Years ago I contemplated this very question and made the decision to pursue a life of making scripted movies. Here's how it happened.

I was commissioned to shoot a documentary series about the passion of exploration and adventure with the world renowned mountaineer and explorer, Sir Edmund Hillary. The first film in the series was shot in the Southern Alps of New Zealand. The second was to be a yachting expedition to the Southern extremes of South America, "Tierra del Fuego." And the 3rd, a return to Mt. Everest 21 years after Sir Ed and his Sherpa companion, Norgay Tenzing, conquered the world's highest peak.

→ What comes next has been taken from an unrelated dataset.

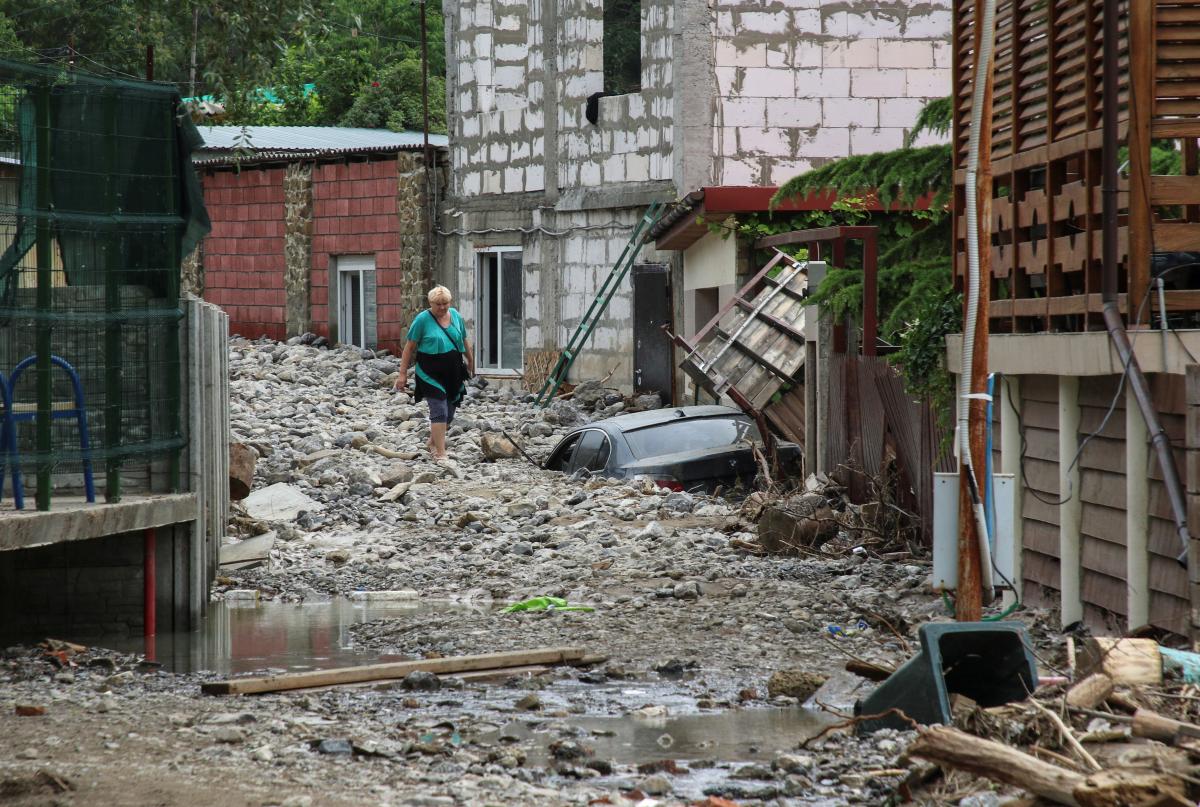 Поселок в Ялте оказался погребенным под грудой камней / фото REUTERS Поселок в Ялте оказался погребенным под грудой камней / фото REUTERS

Just prior to setting off from New Zealand for Chile, Salvador Allende, the elected president of the country, was overthrown and killed in a coup led by Augusto Pinochet. Our plans were thrown into chaos. Should we still travel to Chile? Was it safe to turn up in the middle of a coup? Sir Ed got word from New Zealand's Foreign Affairs Department that Pinochet and his junta were planning a state reception for him on our arrival. They planned to use Ed's visit for political gain. Ed was warned that unless he was happy being paraded in front of the world's press as the first visiting dignitary acknowledging the new juntas legitimacy, it would be un-wise to go. Sir Ed's political sympathies definitely did not lie with the concept of overthrowing duly elected governments by force. He had no intention of letting his reputation be associated with Pinochet and his military junta. The rest of us were not faced with the same moral dilemma, so, we decided to travel without Sir Ed. On our arrival in Chile we were confronted with a situation not unlike what was later brilliantly portrayed in Costa Gavras' film, Missing. New Zealand's top diplomat met me and my soundman, Dave Mitchell, at the Santiago airport and took us to our hotel on the outskirts of Santiago. We were to meet the rest of the expedition members in Punta Arenas in southern Chile. On the way to the hotel he drove us past the Presidential Palace and showed us where the front doors had been destroyed by rocket fire delivered by the Chilean air force.

That night, due to the limited budget of the production, Dave and I shared a hotel room. A curfew came into effect at 6pm and intense gunfire started up around the hotel soon after. It was a hot evening and we had left the windows of the hotel room open in an attempt to cool it down. However, it soon became clear that if we hoped to get some sleep someone needed to shut the window. We tossed a coin to see who got the job. Dave lost and I remember him crawling across the floor in his underpants and reaching up, making sure his body was not visible to any snipers. I remember thinking it was funny and also being scared as the gunfire echoed in the night around the hotel.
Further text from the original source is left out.